Stored data Start Marker

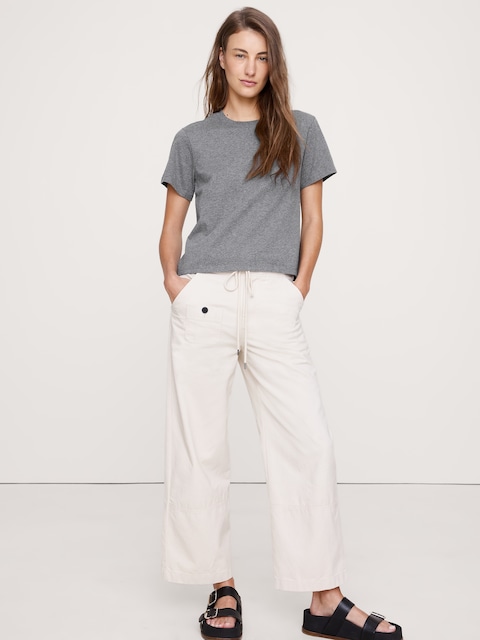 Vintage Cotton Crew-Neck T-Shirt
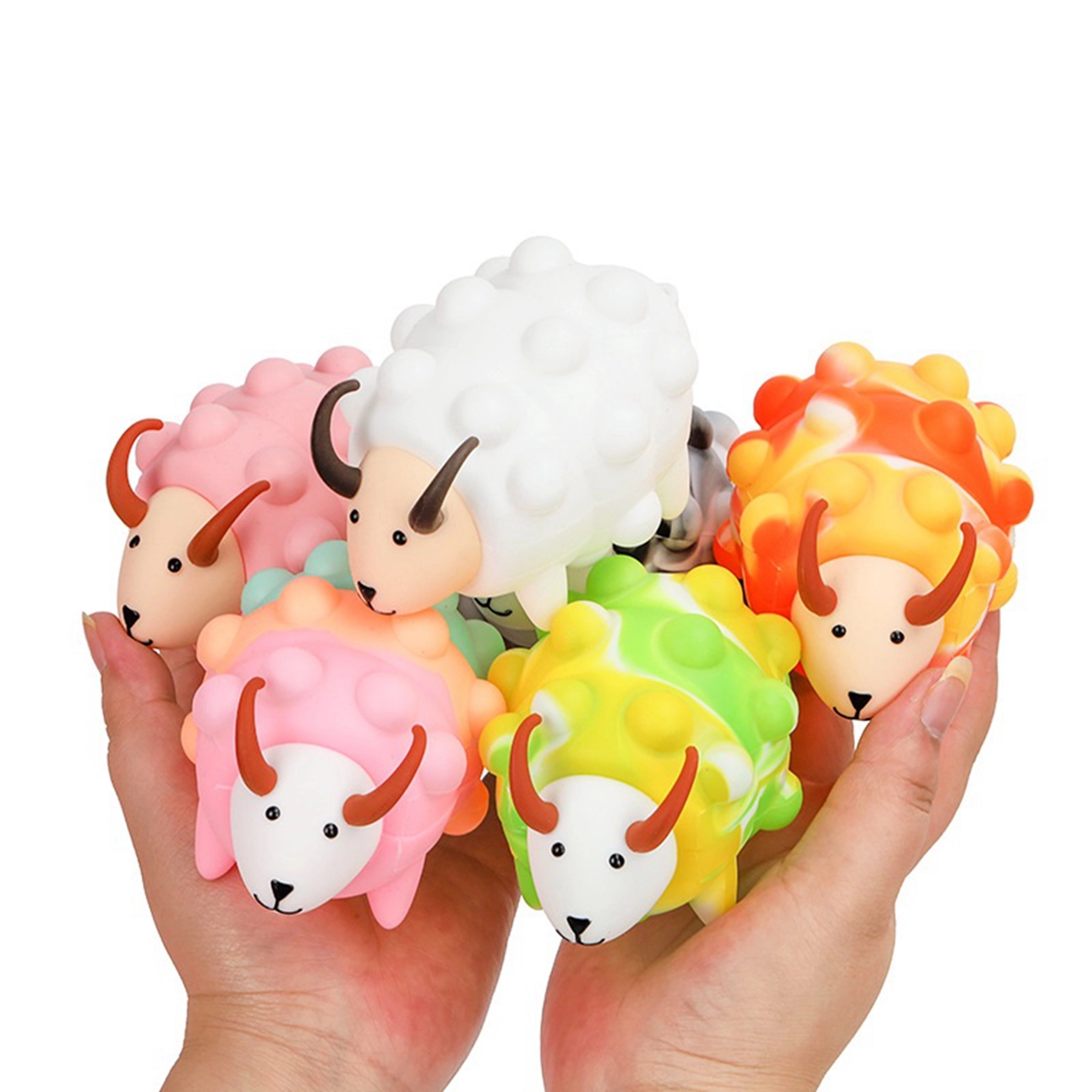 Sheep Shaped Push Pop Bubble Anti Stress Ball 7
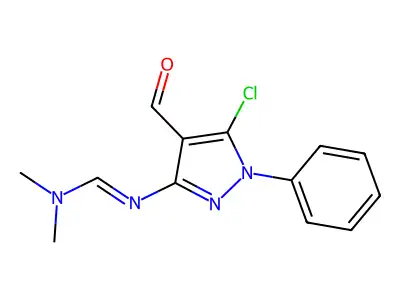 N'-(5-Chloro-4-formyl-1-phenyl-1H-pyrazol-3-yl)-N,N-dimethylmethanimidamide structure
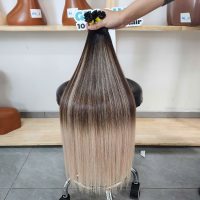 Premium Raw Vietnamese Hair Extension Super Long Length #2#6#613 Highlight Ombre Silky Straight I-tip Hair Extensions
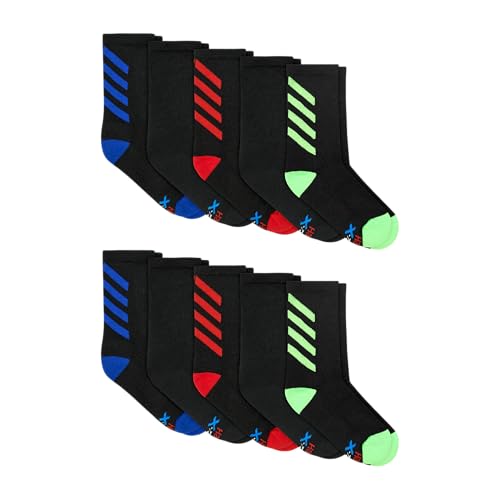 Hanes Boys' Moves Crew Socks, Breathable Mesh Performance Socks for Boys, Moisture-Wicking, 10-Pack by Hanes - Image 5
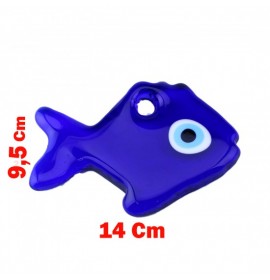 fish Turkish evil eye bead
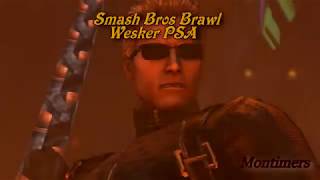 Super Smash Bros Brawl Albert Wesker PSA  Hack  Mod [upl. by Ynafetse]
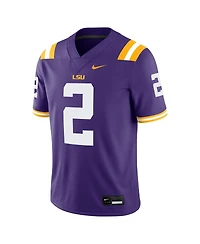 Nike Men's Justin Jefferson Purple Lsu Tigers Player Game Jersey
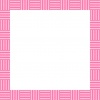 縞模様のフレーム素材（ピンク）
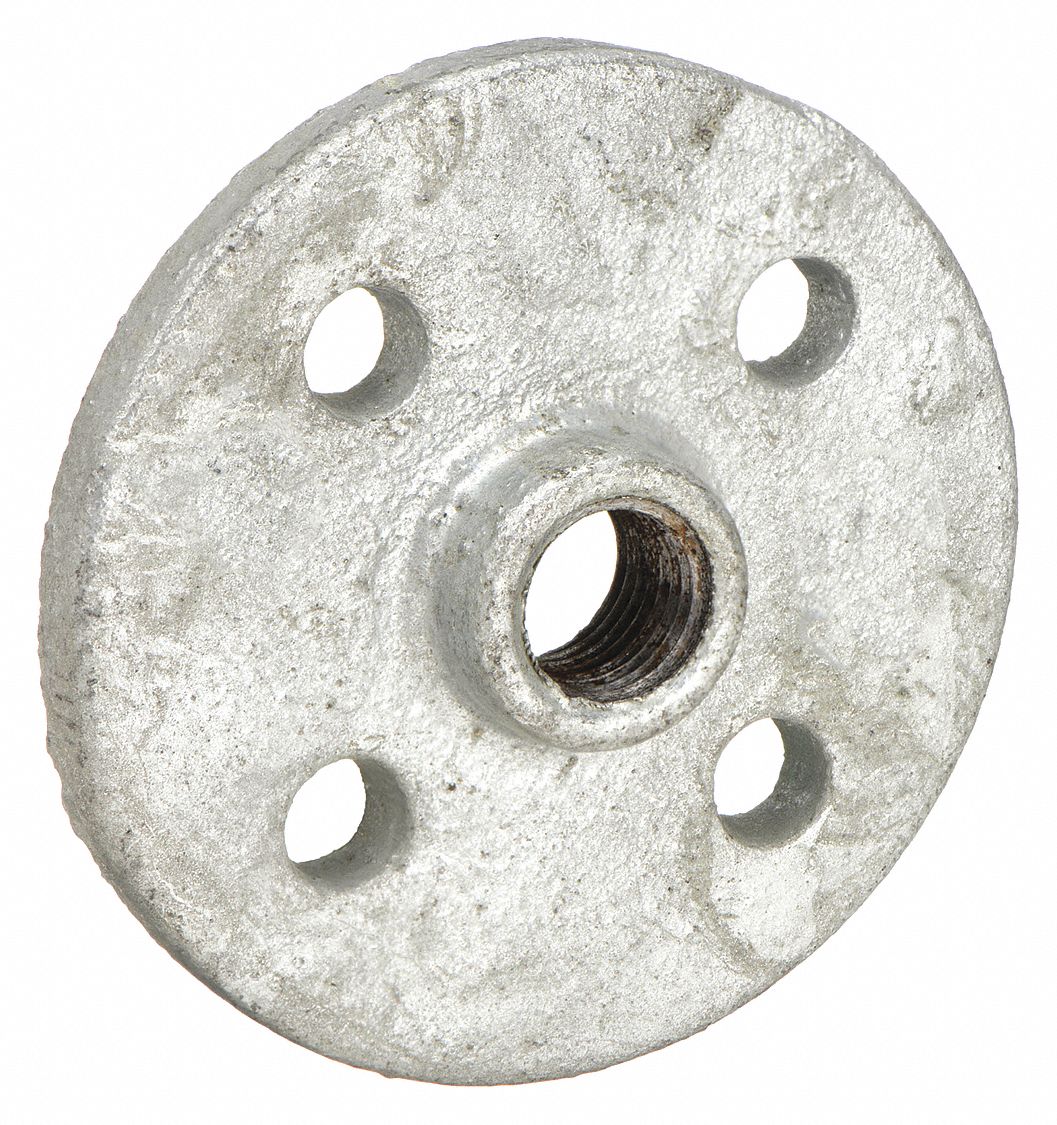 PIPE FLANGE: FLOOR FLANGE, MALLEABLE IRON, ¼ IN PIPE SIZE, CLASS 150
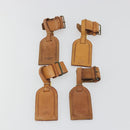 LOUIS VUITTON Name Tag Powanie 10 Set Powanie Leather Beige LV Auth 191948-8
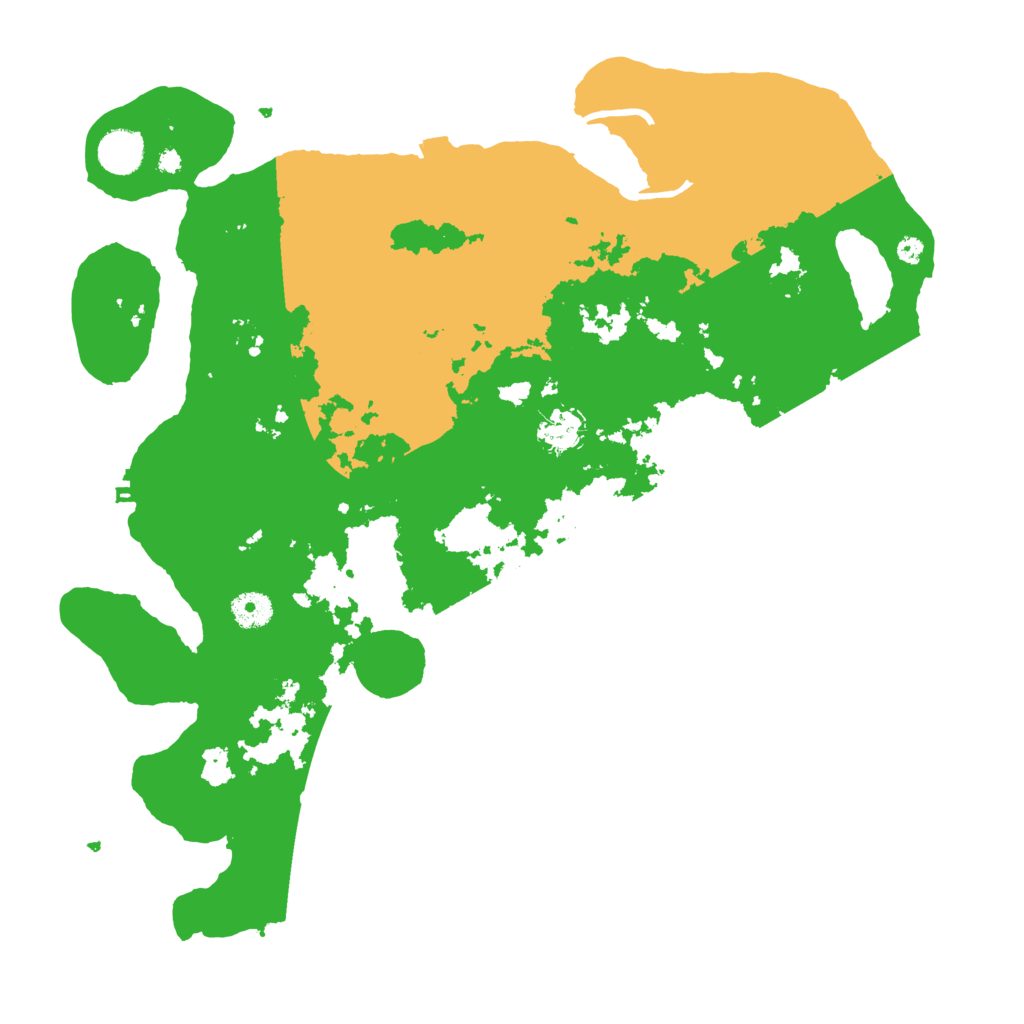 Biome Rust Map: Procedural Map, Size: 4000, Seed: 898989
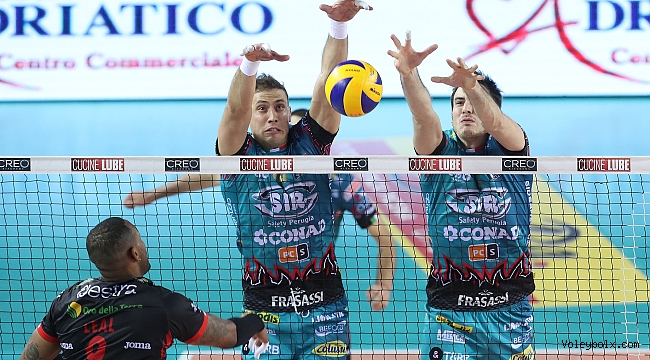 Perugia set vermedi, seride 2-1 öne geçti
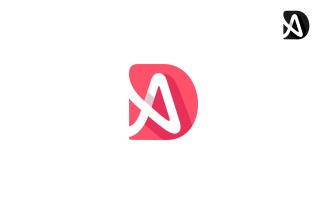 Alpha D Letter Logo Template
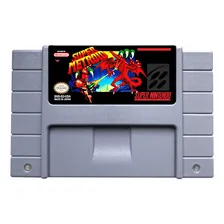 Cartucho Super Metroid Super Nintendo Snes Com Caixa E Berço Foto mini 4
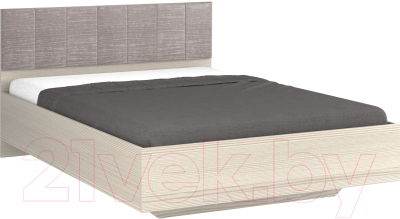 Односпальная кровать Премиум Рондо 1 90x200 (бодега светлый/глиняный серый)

Stored data End Marker

■ Task directions
Your copy should run from the line that has "Nike Men's Justin" through the last line above, exactly, with both ends in and pictures out.

■ Expected output
 Nike Men's Justin Jefferson Purple Lsu Tigers Player Game Jersey
 縞模様のフレーム素材（ピンク）
 PIPE FLANGE: FLOOR FLANGE, MALLEABLE IRON, ¼ IN PIPE SIZE, CLASS 150
 LOUIS VUITTON Name Tag Powanie 10 Set Powanie Leather Beige LV Auth 191948-8
 Biome Rust Map: Procedural Map, Size: 4000, Seed: 898989
 Perugia set vermedi, seride 2-1 öne geçti
 Alpha D Letter Logo Template
 Cartucho Super Metroid Super Nintendo Snes Com Caixa E Berço Foto mini 4
 Односпальная кровать Премиум Рондо 1 90x200 (бодега светлый/глиняный серый)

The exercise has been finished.